Politics or treason: Toeing the line or begging forgiveness in site adaptation #heweb11
Photo by konjure, Flickr.
Anne Petersen (@apetersen) of the University of Illinois at Chicago may have shared the most re-tweeted acronym of HighEdWeb this year: FAVEs. Or Faculty Against Virtually Everything.
So what do you do when a FAVE or a HiPPO (Highest Paid Person’s Opinion; another good one) wants to take over your homepage or social media channel with content that is important to them, and not necessarily to your users? That was the topic of Anne’s presentation, in which she presented specific examples and advice on how to negotiate these situations with your dignity and homepage more or less in tact.
A favorite tactic of mine from Anne’s talk: develop standards. For example, if you want something on the homepage, you must provide a photo that is not a headshot. Or to be included on the homepage your site must serve the undergraduate student population and be updated weekly. Or something.

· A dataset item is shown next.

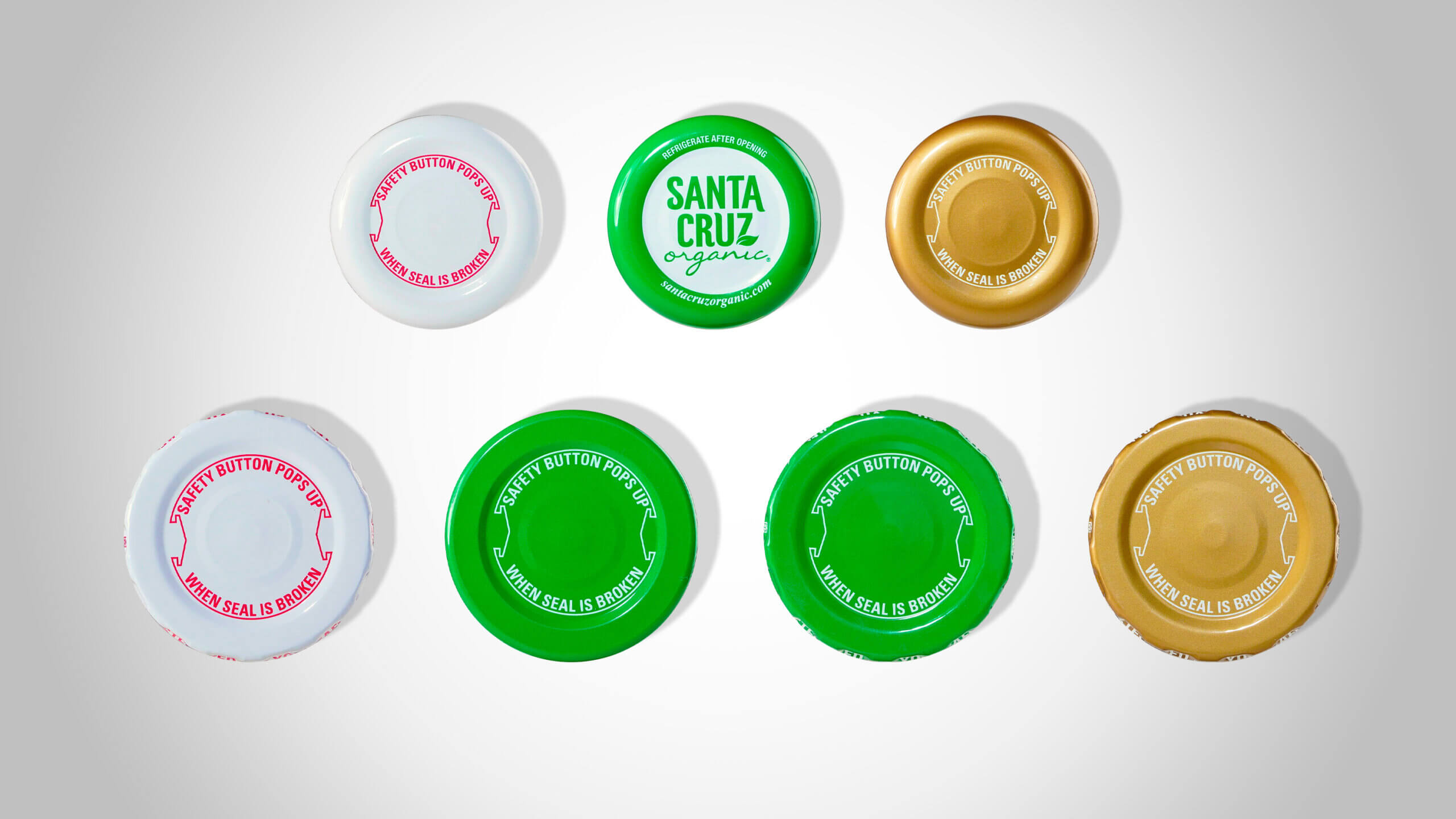 Tinplate lug caps by Evergreen, with branding and decorations.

Something you can point to and s say, “OK, here is what we’ve developed to keep the homepage consistently good and useful, and here is how you can meet those standard so we can add your content.”
Of course, that approach won’t always work. Or, to quote Mike Tyson, as Anne did: “everyone has a plan until you get punched in the face.” Standards must be tested to see if they can be regularly met, and you will always run into the FAVE who insists on doing it his or her way. What then? As Anne suggests, “think like a hacker.” There has got to be a way to get this done so that we satisfy the request without disrupting the experience of the most important people of all.

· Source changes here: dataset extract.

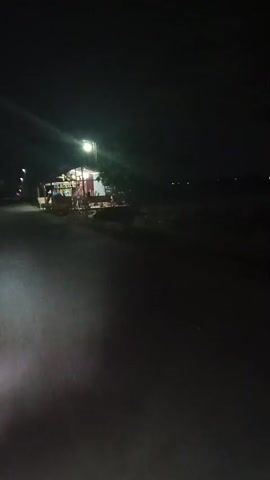 The video shows a nighttime scene from the perspective of a moving vehicle. A roadside stall is visible, illuminated by a streetlamp. The stall appears to be stocked with various items, possibly for sale. The road is paved, and there is darkness beyond the immediate vicinity of the stall and the road. Some blurred lights are visible in the distance. The overall environment suggests a rural or suburban setting at night.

No, not the HiPPOs. The users. As Anne so eloquently concluded: we matter. We are the ones who stand between a student and the information they need to make it through whatever point they are at in their academic lives. We can make it easier or harder for them to find a scholarship opportunity that will help them stay in school. Or a student service that will help them not flunk calculus. So as Anne’s hacker friends would say: Just fudgin’ DO IT!